MEMORANDUM*
The Farm Service Agency (“FSA”) did not unlawfully withhold agency action by relying on the February 1990 DALR$ Report (“2/90 Report”) as the basis for the Shared Appreciation Agreement (“SAA”). The SSA signed by the Gannons explicitly incorporates the 2/90 Report. The district court correctly determined that, because the Gannons entered into a superseding agreement incorporating the 2/90 Report, they may nob-ten years later-challenge the FSA’s failure to use an earlier report.
The FSA did not abuse its discretion by correcting the SAA’s expiration date and the stated market value of the secured property pursuant to 7 C.F.R. § 780.11, which explicitly authorizes the agency to “correct all errors in entering data on program contracts, loan agreements, and other program documents and the results of the computations or calculations made pursuant to the contract or agreement.”

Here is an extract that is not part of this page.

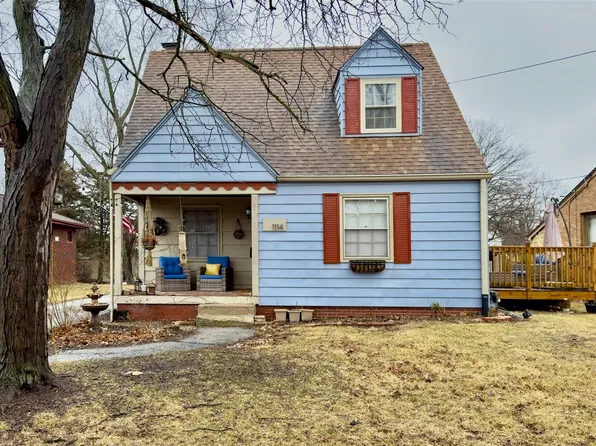 1114 Summit St, Bloomington, IL 61701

Following the Seventh and Eighth Circuits, we have held that recapture is due upon expiration of the SAA. Pauly v. USDA, 348 F.3d 1143 (9th Cir.2003). The FSA correctly determined that the Gannons owed recapture when their SAA expired. The FSA also correctly calculated that, pursuant to the formula stated in the SAA, the Gannons owe recapture equal to 50% of the appreciation of the secured property.
In light of our decision, we need not address the Gannons’s recoupment argument.
AFFIRMED.
This disposition is not appropriate for publication and may not be cited to or by the courts of this circuit except as provided by Ninth Circuit Rule 36-3.